The liquid melting product currently being used may melt snow and ice, but it has all the qualities needed for destroying metal: corrosive, clingy, slow to evaporate, and spreads on its own. Sand may create some dust, but any liquid deicer that doesn’t end up in the aquifer will eventually dry out and end up as undesirable particulate in the air. Again, I’d welcome the use of sand, combined with frequent sweeping between storms to keep dust under control
But alas, we’re probably saddled with this liquid for many winters to come. That’s because today’s average driver demands clear roads at all times, and dumping endless gallons of deicer is the latest and easiest way to accomplish that.
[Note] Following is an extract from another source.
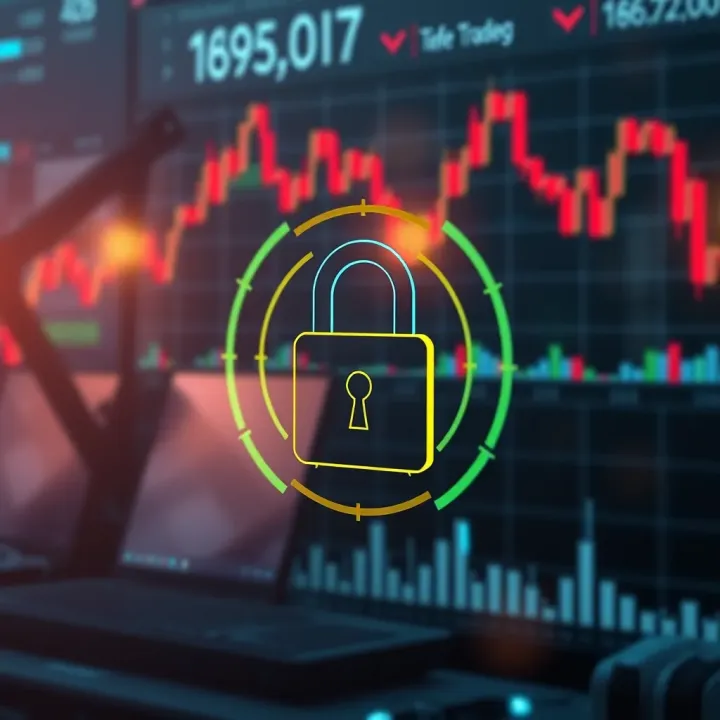Secure digital lock icon symbolizing safety and protection for cryptocurrency trading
Turning on ice-stuck wipers is another consequence of winter. I always cringe when I forget to manually break them loose, and their activation first stalls the wiper motor then practically tears the blades off when they suddenly move. That, along with blades scraping over built-up ice and the arms straining amidst built-up snow certainly takes a toll on windshield wiper systems.
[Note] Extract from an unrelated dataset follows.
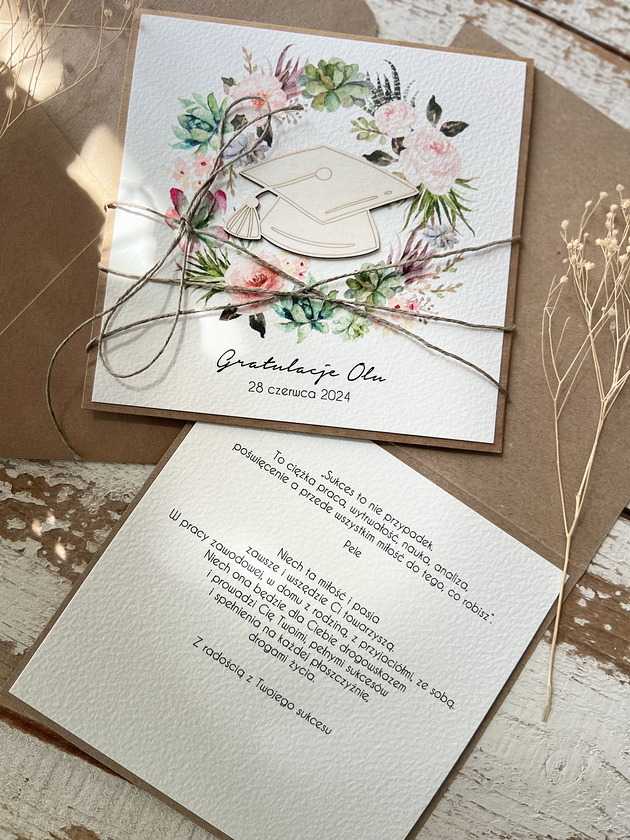 kartki scrapbooking Personalizowana ręcznie robiona kartka gratulacje dla mgr dr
Cold winter startups place plenty of extra wear on our engines too. Oil takes longer to get to vital components at 0-20 degrees than it does at 70-90 degrees, taking an extra “toll” with each winter startup. Because of the more viscous (thicker) winter properties of oil, starter motors also work much harder to turn the engine in cold conditions. When they start out extra-cold, transmissions and every other moving mechanical component suffer additional wear during the extended time needed to reach operating temperature.
I’ve not had a winter-weather-related accident, but I’m sure that those who have are sick of winter. I know of one reader who had a rear-end collision with his new truck because its “all-season” tires had less grip than those of the one he traded. I’ll bet he’s ready for spring!
As winter wanes, I’m excited to turn the outside water back on. Then, I can give my vehicles a well-earned “spa treatment,” reversing the ravages of winter’s snow, ice, freezing temperatures and deicer.